I use bit masks, suck it! (Really though, programming on an embedded CPU might be reasonable to do this, depending on the situation, but on a PC, trying to not waste bits wastes time)
exactly! it is more costly for your pc cpu to check for a bit inside a byte, than just get the byte itself, because adresses only point to bytes
Store 8 bits in the same byte then 👌
Wrong direction!
Store only bits using word-length ints (32 bits in most modern architectures), and program everything to do math using arrays of 32 int-bits to numbers!
Oh man! That took me down memory lane!
I once had to reverse engineer a database to make an invoice integration. They had an int named flags. It contained all status booleans in the entire system. Took me a while to figure that one out.
We’ve all been there, friend. The bit arrays can’t hurt you now.
Unlikely. Most of the time on modern hardware, you’re going to be cache-limited, not cycle-limited. Checking one bit in a register is insanely fast.
x86 has bit manipulation instructions for any bit. If you have a book stored in bit 5 it doesn’t need to do anything masking, it can just directly check the state of bit 5. If you do masking in a low-level programming language to access individual bits then the compiler optimization will almost always change them to the corresponding bit manipulation instructions.
So there’s not even a performance impact if you’re cycle limited. If you have to operate on a large number of bools then packing 8 of them in bytes can sometimes actually improve performance, as then you can more efficiently use the cache. Though unless you’re working with thousands of bools in a fast running loop you’re likely not going to really notice the difference.
But most bool implementations still end up wasting 7 out of 8 bits (or sometimes even 15 out of 16 or 31 out of 32 to align to the word size of the device) simply because that generally produces the most readable code. Programming languages are not only designed for computers, but also for humans to work on and maintain, and waisting bits in a bool happens to be more optimal for keeping code readable and maintainable.
That bools are stored in 8 bits rather than 1 is a compiler detail. I don’t really see how this improves readability, unless you mean that of the compiled binary.
Even on 6502, the BIT command is useless 99% of the time, and AND ~which_bit is the right answer.
Interestingly the Intel MCS-51 ISA did have several bit-addressable bytes. Like a weird zero page.
Only because 6502 has no BIT immediate – only BIT zero page and BIT absolute. But the contemporary z80 and gameboy cpu too have dedicated bit instructions, e.g. BIT c,6 (set z flag to bit 6 of register c).
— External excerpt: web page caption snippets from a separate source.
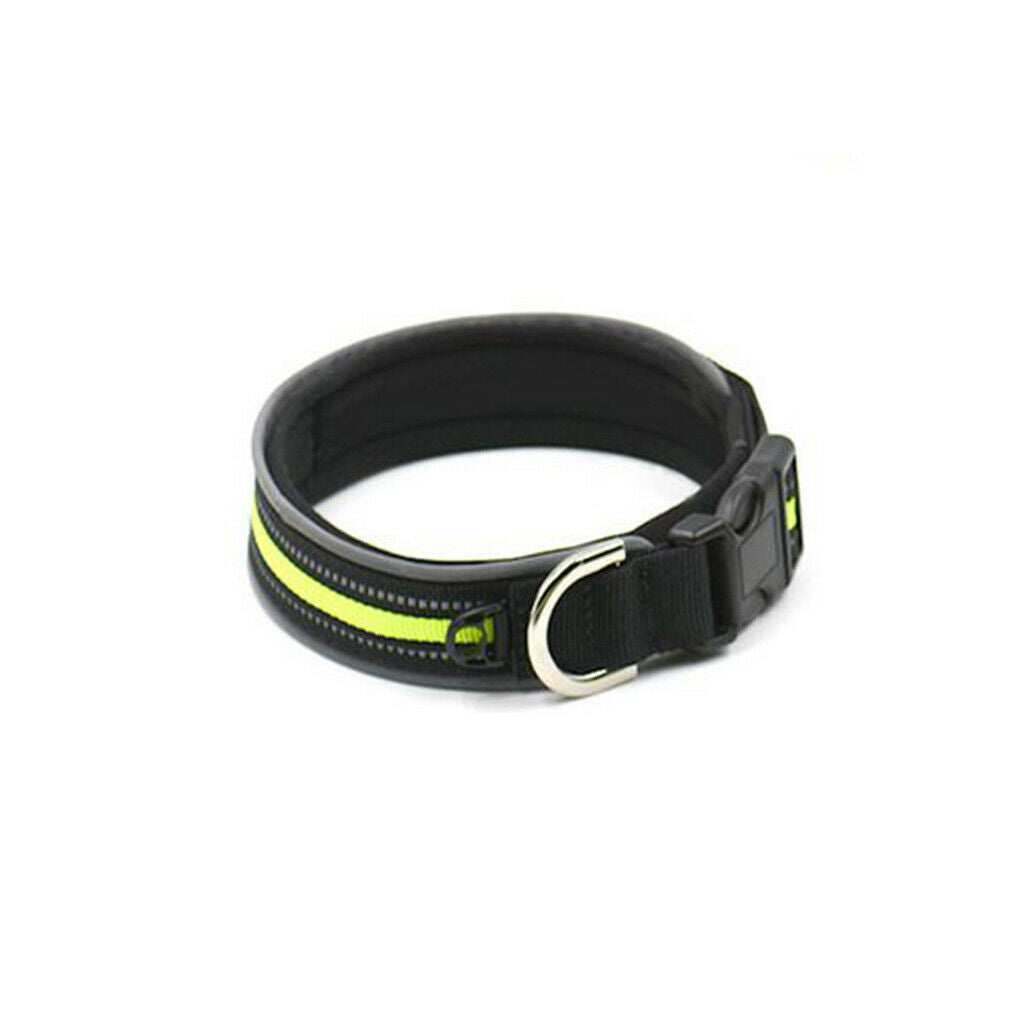 Adjustable Reflective Dog Collar Pet Safety Collar Buckle Strap Harness S
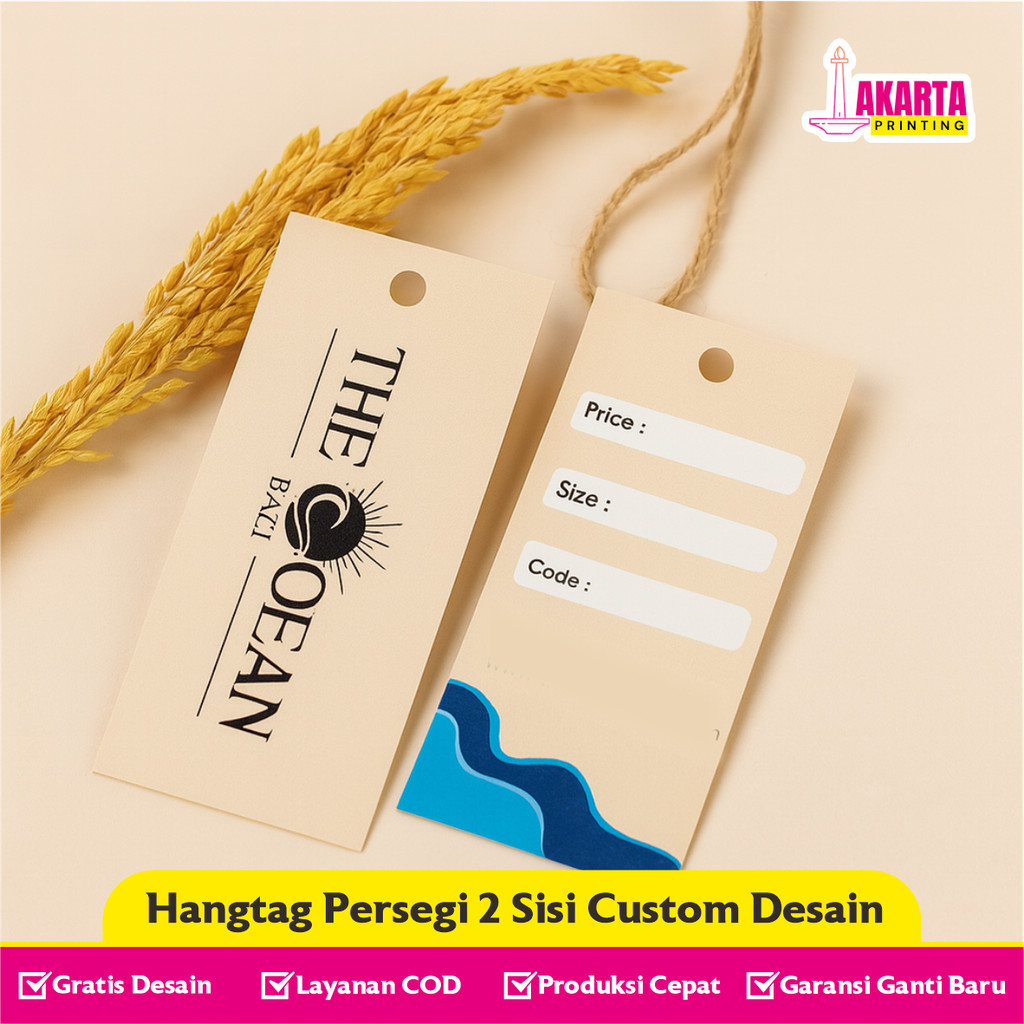 

Cetak Hangtag Custom Desain Gratis 2 Sisi Label Baju Tag Produk Hampers dan Acara Ultah Branding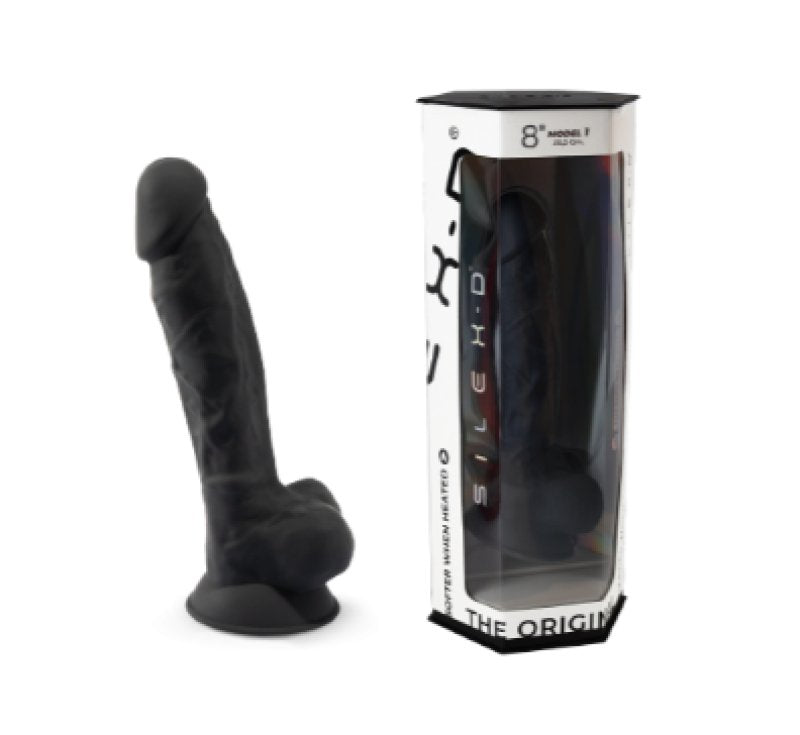 Silexd 8 Inch Model 1 Black Dual Density Realistic Dildo - ClubX Australia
I think it’s intended for checking the same bit in multiple bytes. You load the mask instead of the data.
So much 6502 ASM involves turning your brain inside-out… despite being simple, clever, and friendly. Like how you can’t do a strided array sensibly because there’s no address register(s). There is no “next byte.” Naively, you want separate varied data at the same index is separate arrays. Buuut because each read address is absolute, you can do *(&array+1)[n], for free.
What I really miss on NES versus Game Boy is SWAP.
Solution? Store 8 booleans in 1 byte.
If you put them in the right order, you can store 10 bools in a byte.
kompreshun.
Odd of you to be using base 7.
I’ve been working on disassembling some 8-bit code from the 90s. Fuckers returned bits from functions using the overflow bit. Nuts.
What era was that device? Some old games on NES had to use all kinds of quirks like this to overcome hardware limitation.
It’s in an AlphaSmart. I’m working through disassembling the ROM to add some new features.
Where do you go to talk about such things? Could be fun to have a retro reversing community.
Nice.
Use bit-fields:
struct { bool a : 1; bool b : 1; bool c : 1; //... };
Edit: careful not to use a 1-bit signed int, since the only values are 0 and -1, not 0 and 1. This tripped me up once.
This is both the right and wrong answer
In a world where a bigger memory chip is more expensive by only a few cents where this would be most useful, is this feature still relevant?
Yes, firmware running on bare metal requires good resource management. My current development board processor contains 512KB SRAM. That’s equivalent to half of the size of an average PDF.
Yes, because cache optimization is still important. Also useful to keep the size of packets down, to reduce the size of file formats, and anywhere that you use hundreds of thousands of instances of the struct.
For the packet size and fils format issues, it seems like this language feature would be less reliable than bit shifting or masking, given that different implementations may store the bits in a different order or not compactly
If you want to optimize to this point, do some embedded development. It’s somewhat fun to work at such a low level (testing tends to be annoying though)
Embedded SW dev here; don’t listen to this, fly you fools!